Science Project

Definate Deflection Emergency Splint Testing

Researched by Stephanie C.
2000-01

PURPOSE
HYPOTHESIS
EXPERIMENT DESIGN
MATERIALS
PROCEDURES
RESULTS
CONCLUSION

RESEARCH REPORT
BIBLIOGRAPHY
ACKNOWLEDGEMENTS

ABOUT THE AUTHOR

PURPOSE

The purpose of this experiment was to test how much deflection of a broken "limb" different first aid splints would allow."

I became interested in this idea when I was watching paramedics apply splints to broken limbs during the summer.

The information gained from this experiment may be used to help first aid providers choose a more stable splint for emergency uses especially in transporting patients.

HYPOTHESIS

My hypothesis is that the SAM splint will create less deflection of a "broken bone" when sideways force is applied.

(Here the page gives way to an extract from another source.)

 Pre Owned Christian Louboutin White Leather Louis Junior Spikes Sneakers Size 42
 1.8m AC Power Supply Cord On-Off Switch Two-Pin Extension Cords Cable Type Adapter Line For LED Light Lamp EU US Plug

I base my hypothesis on an interview with a professional paramedic working for the city of Kennewick who said, "The SAM splint is probably the most dependable splints that we use."

EXPERIMENT DESIGN

The constants in this study were:
               - the type of wood "arm" that was used (2 x 2)
               - how much force was applied to the splinted"bone"
               - type of scale used to create force
               - the type of break
               - method of measuring deflection

The manipulated variable was the type of splints used to support the "arm".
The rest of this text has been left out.